### Task details
For the records that follow, please set down exactly the lines between the one holding "Valhalla Cabins Aframes" and the one holding "Bedrijfswagen, opel, vivaro", inclusive, and only those.

### Excerpted records
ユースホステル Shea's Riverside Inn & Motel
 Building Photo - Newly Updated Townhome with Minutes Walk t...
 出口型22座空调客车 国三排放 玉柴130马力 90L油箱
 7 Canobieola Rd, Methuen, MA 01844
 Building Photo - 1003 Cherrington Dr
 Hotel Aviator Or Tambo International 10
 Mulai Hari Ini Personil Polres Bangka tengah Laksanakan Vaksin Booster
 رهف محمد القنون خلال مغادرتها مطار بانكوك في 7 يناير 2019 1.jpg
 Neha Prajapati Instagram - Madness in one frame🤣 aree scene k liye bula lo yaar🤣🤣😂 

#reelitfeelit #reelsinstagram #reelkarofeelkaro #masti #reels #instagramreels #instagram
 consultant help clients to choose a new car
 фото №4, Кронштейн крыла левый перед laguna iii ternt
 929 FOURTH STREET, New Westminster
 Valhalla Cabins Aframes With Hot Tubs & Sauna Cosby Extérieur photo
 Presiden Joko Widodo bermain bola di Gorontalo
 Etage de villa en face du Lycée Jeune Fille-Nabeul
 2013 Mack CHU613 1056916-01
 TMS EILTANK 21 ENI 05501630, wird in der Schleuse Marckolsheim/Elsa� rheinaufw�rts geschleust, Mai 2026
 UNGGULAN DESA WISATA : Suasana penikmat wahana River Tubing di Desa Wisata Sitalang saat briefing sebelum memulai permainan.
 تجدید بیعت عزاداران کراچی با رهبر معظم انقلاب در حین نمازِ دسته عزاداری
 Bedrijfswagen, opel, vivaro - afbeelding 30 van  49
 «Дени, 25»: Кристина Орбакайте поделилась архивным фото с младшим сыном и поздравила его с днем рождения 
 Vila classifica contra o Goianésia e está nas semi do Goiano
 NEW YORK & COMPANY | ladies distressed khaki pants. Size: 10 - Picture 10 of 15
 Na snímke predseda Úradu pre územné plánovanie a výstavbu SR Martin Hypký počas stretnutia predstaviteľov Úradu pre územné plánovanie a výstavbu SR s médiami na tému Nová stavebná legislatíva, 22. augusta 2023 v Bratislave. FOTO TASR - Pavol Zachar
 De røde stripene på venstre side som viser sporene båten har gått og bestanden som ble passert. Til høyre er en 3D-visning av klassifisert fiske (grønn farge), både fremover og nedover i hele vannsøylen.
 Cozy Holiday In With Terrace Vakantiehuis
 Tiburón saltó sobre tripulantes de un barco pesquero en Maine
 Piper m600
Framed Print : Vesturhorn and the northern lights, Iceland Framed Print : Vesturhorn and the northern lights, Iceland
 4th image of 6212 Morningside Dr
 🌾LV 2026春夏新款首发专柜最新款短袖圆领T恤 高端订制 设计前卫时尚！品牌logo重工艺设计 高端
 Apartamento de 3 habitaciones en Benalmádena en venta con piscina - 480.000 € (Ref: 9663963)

### Completed exercise
 Valhalla Cabins Aframes With Hot Tubs & Sauna Cosby Extérieur photo
 Presiden Joko Widodo bermain bola di Gorontalo
 Etage de villa en face du Lycée Jeune Fille-Nabeul
 2013 Mack CHU613 1056916-01
 TMS EILTANK 21 ENI 05501630, wird in der Schleuse Marckolsheim/Elsa� rheinaufw�rts geschleust, Mai 2026
 UNGGULAN DESA WISATA : Suasana penikmat wahana River Tubing di Desa Wisata Sitalang saat briefing sebelum memulai permainan.
 تجدید بیعت عزاداران کراچی با رهبر معظم انقلاب در حین نمازِ دسته عزاداری
 Bedrijfswagen, opel, vivaro - afbeelding 30 van  49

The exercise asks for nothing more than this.